A gravidade da doença é avaliada pela presença de sintomas crônicos (tosse e/ou produção de expectoração) e pela função pulmonar do paciente utilizada também para a sua monitorização. As medidas de função pulmonar, realizadas através da espirometria, são utilizadas para estabelecer a gravidade da DPOC.  As medidas utilizadas do diagnóstico e classificação da gravidade são: o Volume Expiratório Forçado no Primeiro Segundo (VEF1), a Capacidade Vital Forçada (CVF), e a relação VEF1/CVF, expressas em valores percentuais do previsto.

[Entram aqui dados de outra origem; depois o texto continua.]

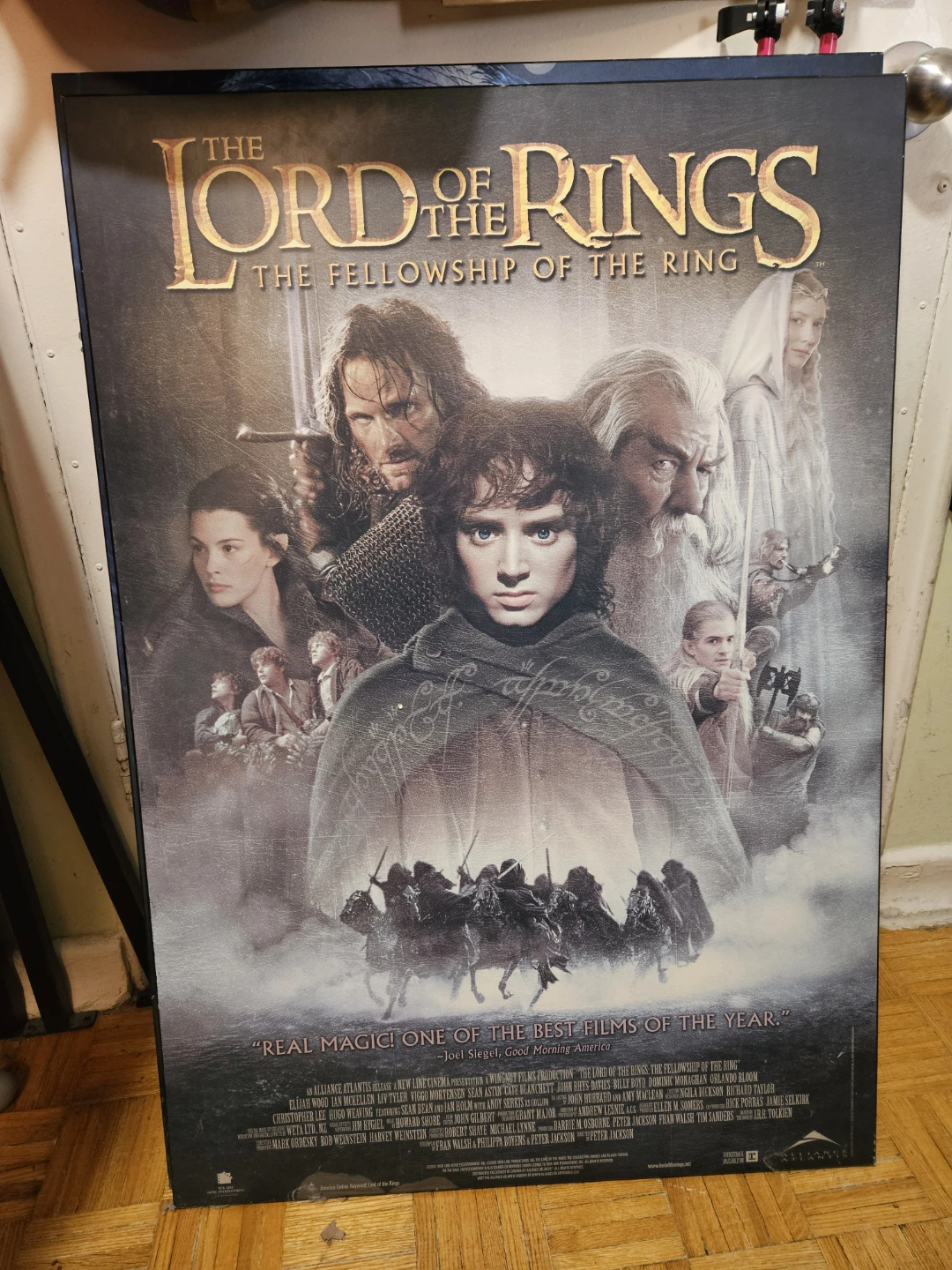 Lord of the Rings Fellowship of the Ring Movie Poster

São quatro classificações de gravidade:

– Estádio 0: Em risco – Tosse crônica e produção de expectoração; a função pulmonar é ainda normal.


– Estádio I: DPOC leve – Leve limitação do fluxo aéreo (VEF1/CFV<70%; mas VEF1≥80% do previsto) e,
geralmente, mas nem sempre, tosse crônica e produção de expectoração.

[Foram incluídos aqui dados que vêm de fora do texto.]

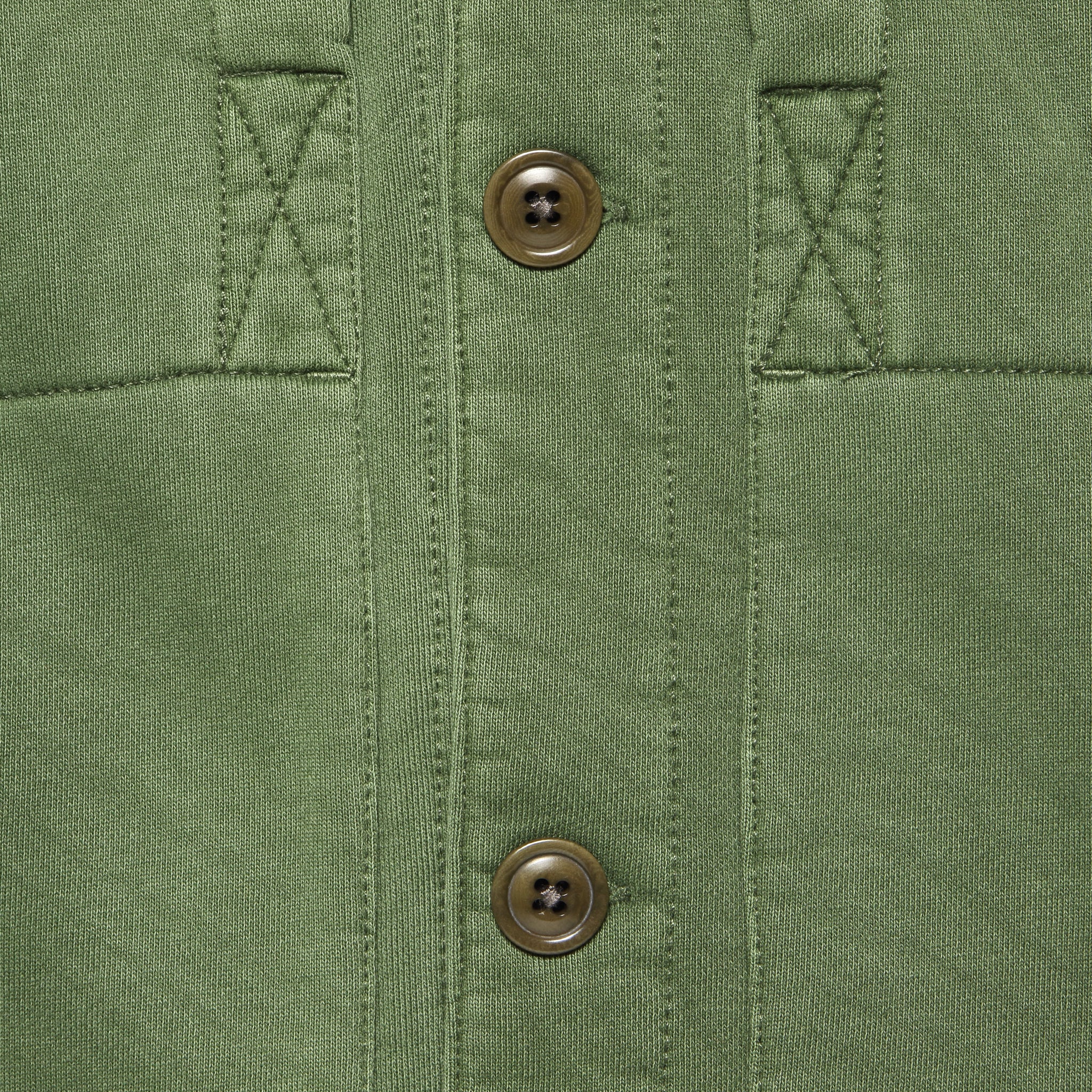 
                          Fleece Utility Jacket - Thyme - Alex Mill - STAG Provisions - Outerwear - Coat / Jacket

  • Nesse estádio, o indivíduo pode não estar ciente de que sua função pulmonar está normal.


– Estádio II: DPOC Moderada – Agravamento da limitação do fluxo aéreo (VEF1/CFV<70%; e 30%≤VEF1<80% do previsto) e, geralmente, progressão dos sintomas, com falta de ar tipicamente desenvolvida ao esforço.

  • Exacerbações dos sintomas, que têm um impacto sobre a qualidade de vida e o prognóstico do paciente, são especialmente notadas em pacientes VEF1<50% do previsto.


Estádio III: DPOC Grave – Grave limitação do fluxo aéreo (VEF1<30% do previsto) ou presença de
insuficiência respiratória ou sinais clínicos de falência ventricular direita. Os pacientes podem ter a DPOC
grave (Estádio III) mesmo se for VEF1>30% do previsto, sempre que estas complicações se façam
presentes.

  • Nesse estádio, a qualidade de vida está bastante debilitada e as exacerbações podem ser umaameaça à vida.